A data-management-software firm whose clients include global corporate heavyweights was compromised by Chinese hackers that accessed the firm’s enterprise cloud systems and targeted its customers’ application secrets, according to a person with knowledge of the matter.
The hacking unit that breached Commvault is known as Silk Typhoon, said the person, who was granted anonymity to be candid about non-public details surrounding the breach. On Thursday, the Cybersecurity and Infrastructure Security Agency and Commvault released a critical joint advisory about the hacking activity. The advisory did not mention China, and the intrusion’s connection to Silk Typhoon had not been previously reported.
In the advisory, CISA said it believes “the threat activity may be part of a larger campaign targeting various SaaS companies’ cloud applications with default configurations and elevated permissions.”

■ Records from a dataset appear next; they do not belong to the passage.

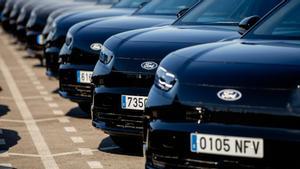 Unidades de Ford Capri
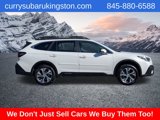 Used 2020 Subaru Outback Limited image 2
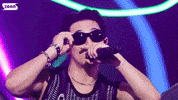 Sexy Sunglasses GIF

In late February, Microsoft notified Commvault about unauthorized access into its systems from a “nation-state threat actor” that was spotted because Commvault’s “Metallic” data-protection product is hosted in Microsoft’s Azure cloud offering.
Silk Typhoon sits among a syndicate of Chinese government-backed hacking collectives tracked by Microsoft, whose threat intelligence arm uses a “Typhoon” moniker to label cyber activity affiliated with Beijing. The Typhoon units have made waves over the past year amid their broad intrusions into global telecommunications networks and a variety of U.S. critical infrastructure.

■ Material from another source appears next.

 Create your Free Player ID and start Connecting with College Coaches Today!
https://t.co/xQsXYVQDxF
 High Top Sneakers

In March, after receiving new information about the penetrations, Commvault said it was in touch with the FBI, CISA and others.

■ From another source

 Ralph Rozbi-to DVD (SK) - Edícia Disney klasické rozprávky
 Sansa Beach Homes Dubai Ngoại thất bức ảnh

“This activity has affected a small number of customers we have in common with Microsoft, and we are working with those customers to provide assistance,” Commvault said in a blog post at the time, which added that there has been “no unauthorized access to customer backup data that Commvault stores and protects.”
In late April, CISA also issued a warning to patch vulnerabilities in Commvault, Broadcom and Qualitia products that were being actively exploited, though it’s not immediately clear if those vulnerabilities are connected to Silk Typhoon activity.
“There are no new developments in this CISA alert since the advisory we posted on May 4,” a Commvault spokesperson said. “CISA is merely reporting on activity we published and alerted them to from then. As noted in prior advisories, we acted on information Microsoft provided to us, but we have not independently attributed the activity to a particular threat actor.”
CISA declined to comment. The FBI did not return a request for comment.
The breach could have major implications for companies and government agencies that store copies of their most important data in the cloud, putting emails, documents or sensitive customer information at risk.
Commvault’s client base includes major enterprise firms like Sony, 3M, Deloitte and AstraZeneca, according to a customer webpage. It also has a vast government services arm and achieved GovRAMP — formerly StateRAMP — authorization in April for meeting security verification requirements for U.S. federal business uses.
In March, Microsoft said it observed Silk Typhoon targeting “common IT solutions like remote management tools and cloud applications to gain initial access.” The group infiltrates customer networks using stolen credentials, then exploits tools like Microsoft services to carry out espionage operations.
Silk Typhoon was found to have infiltrated Treasury Department networks late last year and compromised some of the agency’s most sensitive systems, including its assets control office, as well as the Committee on Foreign Investment in the United States, which conducts national security reviews of foreign acquisitions.
In January, Shanghai-based hacker Yin Kecheng was sanctioned in connection to that Treasury intrusion, and is believed to be tied to China’s Ministry of State Security, deemed Beijing’s primary civilian intelligence service.
“Silk Typhoon has shown proficiency in understanding how cloud environments are deployed and configured, allowing them to successfully move laterally, maintain persistence, and exfiltrate data quickly within victim environments,” Microsoft said in its March blog, adding that it’s been tracking the hackers since 2020.
China has been widely deemed by experts as the top cyberespionage threat to the United States, with a history of targeting government agencies, defense contractors and major tech firms to steal sensitive data and intellectual property.